Alors Baldwin décide de sortir de l’écran pour enquêter sur le terrain de la réalité qu’il va tenter d’apprivoiser après l’avoir longtemps délaissé durant un exil européen obligé. Il épouse ainsi pleinement sa responsabilité de témoin et de porte-parole. A travers un montage assuré et un récit dialectique, Raoul Peck (re)construit le langage et surtout la voix incisive de Baldwin rendue authentique par l’interprétation solennelle de Samuel L. Jackson en VO et Joey Starr en VF. Ce discours ainsi soumis au principe de contradictions et du contradictoire, se déploie durant tout le long métrage avec une force imperturbable : la même qui s’exerce et oppresse cette communauté noire aussi ségréguée aujourd’hui qu’il y a un siècle. Les archives du passé vont embrasser celle du monde présent : du lynchage de la jeune Dorothy Counts victime du refus de l’intégration au passage à tabac de Rodney King en passant par l’investiture d’Obama, les images défilent et épousent une dimension argumentative et non simplement illustrative. Raoul Peck construit le sens en secouant les images mêmes jusqu’à les extirper de leur staticité initiale. C’est ainsi qu’il reprend les images d’archives de la rencontre entre Lorraine Hansberry et Bobby Kennedy. En cumulant l’usage de la dialectique du champ / contre-champ et en actualisant le commentaires écrits de Baldwin sur l’événement, il parvient à activer ces deux figures. Nous avons l’impression d’assister à la scène comme si elle était (re)jouée devant nous. Le regard lourd d’Hansberry semble se poser sur Kennedy face à l’impasse de l’incommunicabilité qui débouchera sur l’échec de cet entretien. Le cinéma est ainsi capable de donner vie, densité et homogénéité à un événement historique en combinant plusieurs supports hétérogènes. Il peut ainsi nous en rendre témoin. Parmi ce flot d’images, de sons et de mots déployés, les extraits cinématographiques prennent ainsi tout naturellement leur place et la question de l’héroïsme au cinéma mais aussi celle de la représentation du noir américain à l’écran se posent dès lors. Suis-je condamné à subir le récit en train de se faire comme dans A Monster Walks ? Comment souffrir de la comparaison avec ce personnage hyperbolique et quasi surnaturel qu’est Dr John Prentice dans Devine qui vient dîner ? Sans condamner ni valider, Baldwin discute surtout de la prégnance des représentations, trop denses, trop extrêmes et en conséquence, écrasantes.
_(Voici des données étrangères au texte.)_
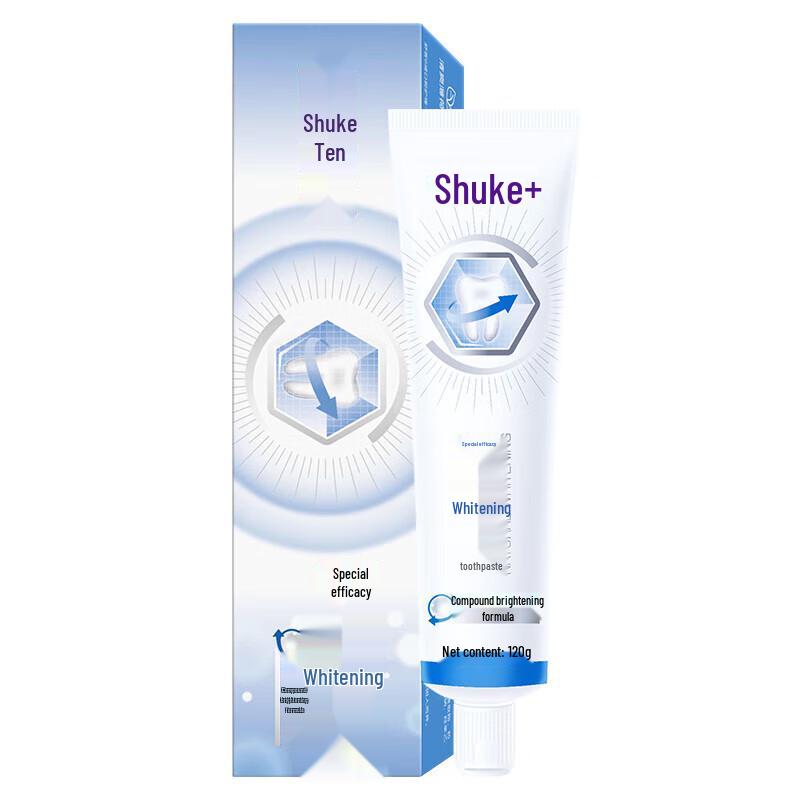 Shuke Natural Brightening Toothpaste Twin Pack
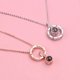 thumbnail image 1 of Car Ornaments Fashion Crystal Pendant Necklace Women Choker Necklaces Jewelry New Keepsake Projection 100 Languages I Love YouI He Qiyong unisex, 1 of 1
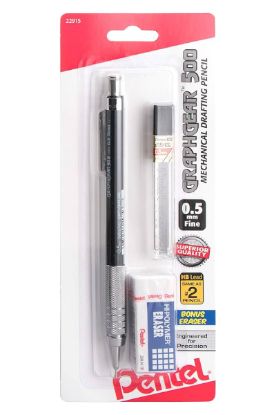 Picture of Automatic Pencil W Lead And Erasers 5mm 1 Each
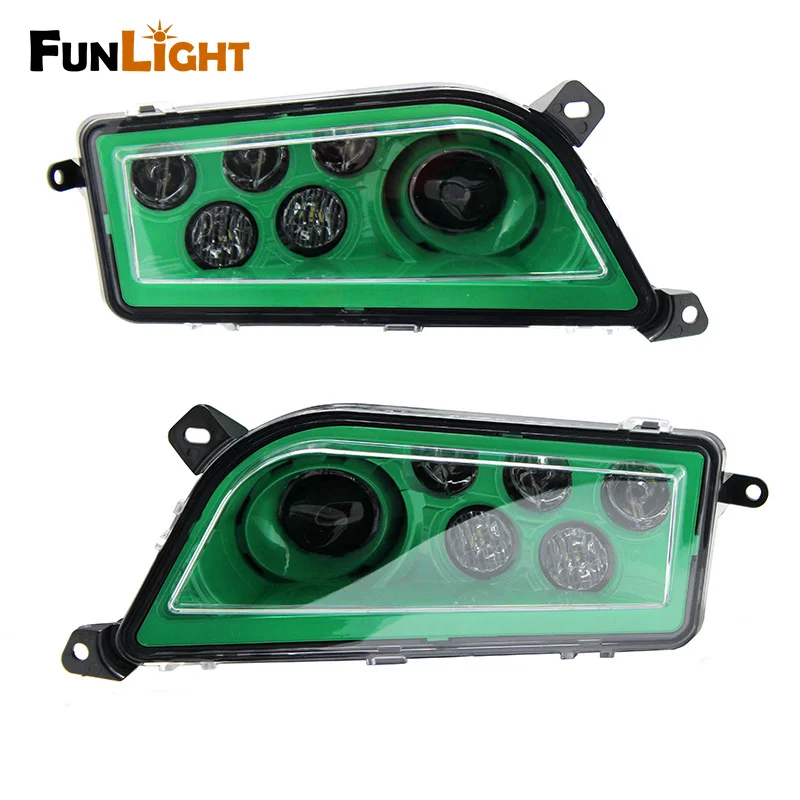 Auto Accessories ATV Green LED CREE Headlight kit for Polaris RZR 900 XP 1000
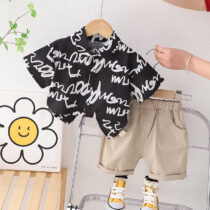 Toddler Boy Signature Vintage With Brown Short
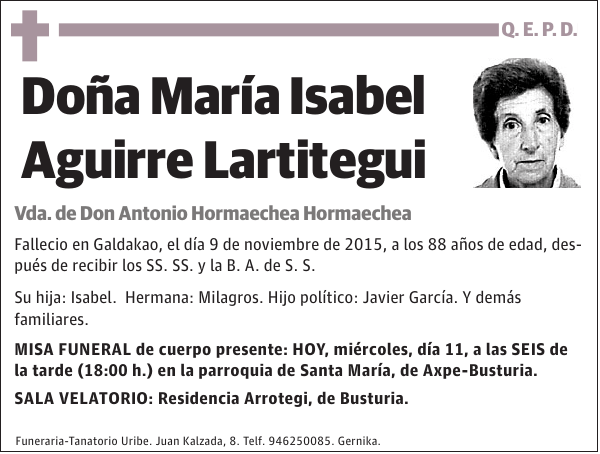 María Isabel Aguirre Lartitegui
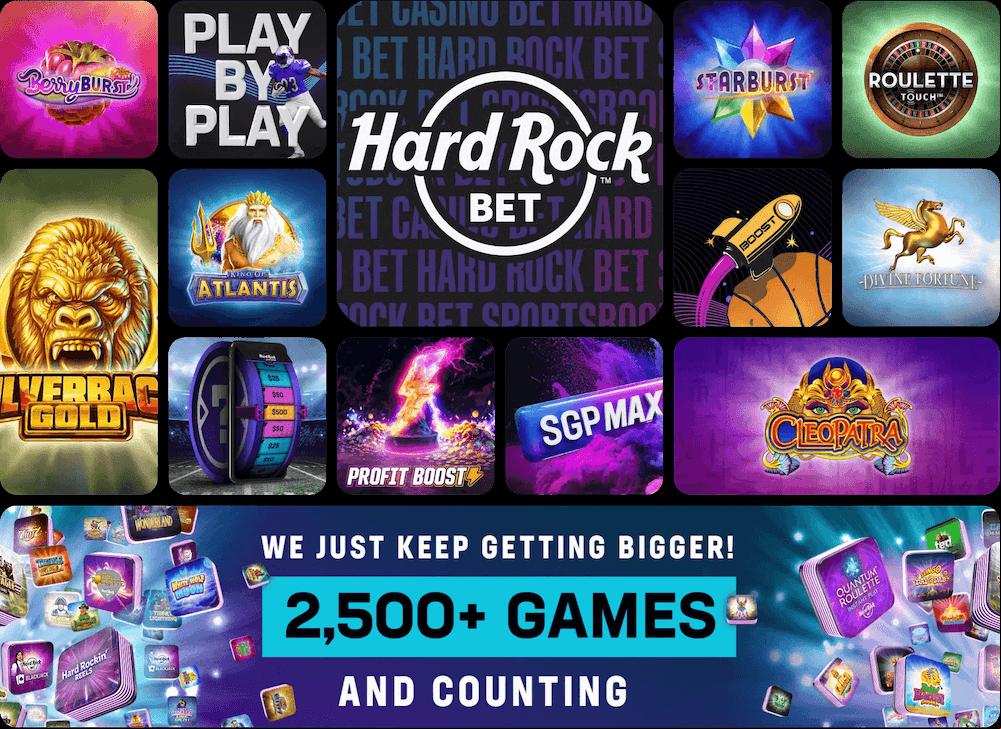 Hard Rock Bet Online Casino Games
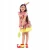Import Halloween party dress kids Cosplay Rainbow Clown Costume for girl Bright coloured clown skirt from China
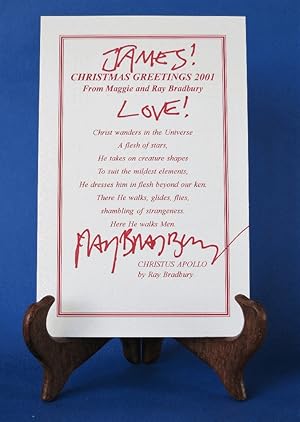 Christmas Greetings 2001 - Inscribed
Raoul Peck parvient ainsi le tour de force de restituer la langue prétendument radicale d’un Baldwin pourtant pétri de nuances. Il parvient aussi à reproduire la vue d’ensemble et transversale qu’il avait de la lutte : cette dernière trouvant aussi bien son terrain de jeu dans le principe de réalité que dans les arts. Ce documentaire précieux à l’heure où le poids de l’oppression ne désemplit pas, rappelle à quel point le cinéma est devenu un autel de rémanence idéologique. A travers lui, ces figures disparues voient leur héritage se déployer sur d’autres fronts. Comme une dette due pour des existences prématurément interrompues, le cinéma se fait étendard des soulèvements nécessaires d’une Humanité en quête d’Unité.

La bande-annonce du film :

I Am Not Your Negro a été édité par Blaq Out dans une édition DVD très honorable contenant trois bonus des plus instructifs dont un entretien éclairant de Raoul Peck sur la genèse et le cahier des charges fixé pour le projet. Suivent deux archives avec James Baldwin évoquant son enfance à Harlem et un autre dans lequel, au cours d’un voyage dans un village suisse, il développe avec son expérience personnelle du racisme.